Alla fine il nostro protagonista forse comprende questa verità e cerca una soluzione diversa, meno logica è più spirituale.
mirimettoingioco ha detto:
E’ proprio quando ci si trova di fronte agli interrogativi basici della vita (che in questo caso sono vuoto/pieno, logica/spiritualità) che si capisce per cosa si è più portati, quali sono le inclinazioni verso cui tendiamo. Le soluzioni che naturalmente emergono dalle nostre riflessioni sono quelle che più ci rappresentano e in cui ci piace identificarci. Per questo il protagonista è soddisfatto, perchè si è riconosciuto nella soluzione creativa.
mirimettoingioco ha detto:
Per Gianluigi 😉
tempodiverso ha detto:
un altro bel racconto, dove la rete diventa strumento per fare bilanci, ma non è possibile separare i vuoti dai pieni, due facce di una stessa medaglia e alla fine il protagonista sembra accettare che la rete si deve prendere in toto e nella sua interezza può diventare scialle rassicurante, e se metaforicamente i vuoti possono essere gli sbagli , le manchevolezze, le paure, ci sono i pieni, le azioni giuste. la soluzione dunque è quella di guardare l’insieme.
mirimettoingioco ha detto:
Esatto, guardare e accettare l’insieme, guardandosi e accettandosi complessivamente.
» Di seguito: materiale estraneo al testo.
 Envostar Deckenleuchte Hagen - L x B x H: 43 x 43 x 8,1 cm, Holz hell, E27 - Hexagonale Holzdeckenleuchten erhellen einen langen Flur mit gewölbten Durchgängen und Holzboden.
La rete come pretesto per mettersi alla prova, per mettersi in discussione e per trovare un compromesso che ci renda fieri di noi.
mirimettoingioco ha detto:
ps: una bella responsabilità per una povera e innocente rete da pesca…
tempodiverso ha detto:
ma quante grandi intuizioni sono nate da oggetti banali! 🙂
“Gli oggetti sono cose che non dovrebbero commuovere, perché non sono vive…”
eppure… hanno ‘responsabilità’ e significati che vanno oltre il loro uso
mirimettoingioco ha detto:
…e io aggiungo l’odore che accompagna certi oggetti. Quando al tatto si mescola l’olfatto, la responsabilità e i significati che dici tu si amplificano a dismisura e allora è tutto un evocare, un immaginare, un ricostruire.
ggianluigi ha detto:
Proust… Così.
“Ma quando di un passato lontano non resta più nulla, dopo la morte degli esseri, dopo la distruzione delle cose, soli, più fragili ma più vividi, più immateriali, più persistenti, più fedeli, l’odore e il sapore rimangono ancora a lungo, come anime, a ricordare, ad attendere, a sperare, sulla rovina di tutto il resto, a sorreggere senza piegare, sulla loro stilla quasi impalpabile, l’ immenso edificio del ricordo.”
…Ma lui però gli aggettivi poteva usarli ehh
miscarparo70 ha detto:
Un bell’uso della rete e delle sue maglie. Anche se quel finale, con una soluzione sottesa, ha solleticato la mia fantasia logica: esisterà una trasformazione che renda omeomorfa una rete con un cilindro? O con un toro? Roba da medaglia Fields… 🙂
Per il resto un’altra bella prova, a ulteriore dimostrazione che gli aggettivi sono inutili. E anche a dimostrazione che l’intuito maschile c’è, nascosto tra le pieghe di una rete…
mirimettoingioco ha detto:
Cosa caspita è la medaglia Fields? Confesso di aver cercato la risposta in “rete” perché io, come il mio protagonista, con la matematica mica vado d’accordo.
Grazie miscarparo, finalmente un uomo che mi dà del maschio…. 😉
massimolegnani ha detto:
mah, confesso che non sono entrato in sintonia col brano, il dilemma, se contare le maglie o i buchi, i vuoti o i pieni, mi ha lasciato piuttosto indifferente e anche la scrittura non mi ha emozionato. Non me ne volere AI, sarà per la prossima volta.
ciao,
ml
mirimettoingioco ha detto:
Non te ne voglio ml, figuriamoci! Al prossimo giro magari ti convincerò.
Stefi ha detto:
Anche io non sono entrata nella “logica” del brano, la penso un po’ come ml col quale sono spesso in sintonia. Qualche aggettivo possessivo è scappato, ma è pur vero che erano ammessi, seppur con parsimonia. Il protagonista mi fa tenerezza, lo immagino avvolto nella rete a cullarsi nei suoi dilemmi con lo sguardo perso nel vuoto.
mirimettoingioco ha detto:
Eh si, è presente un risvolto tenero in questo papà che vuole farcela da solo e che, imbrigliandosi nella rete, si ritrova a volersi bene e ad essere soddisfatto di se stesso.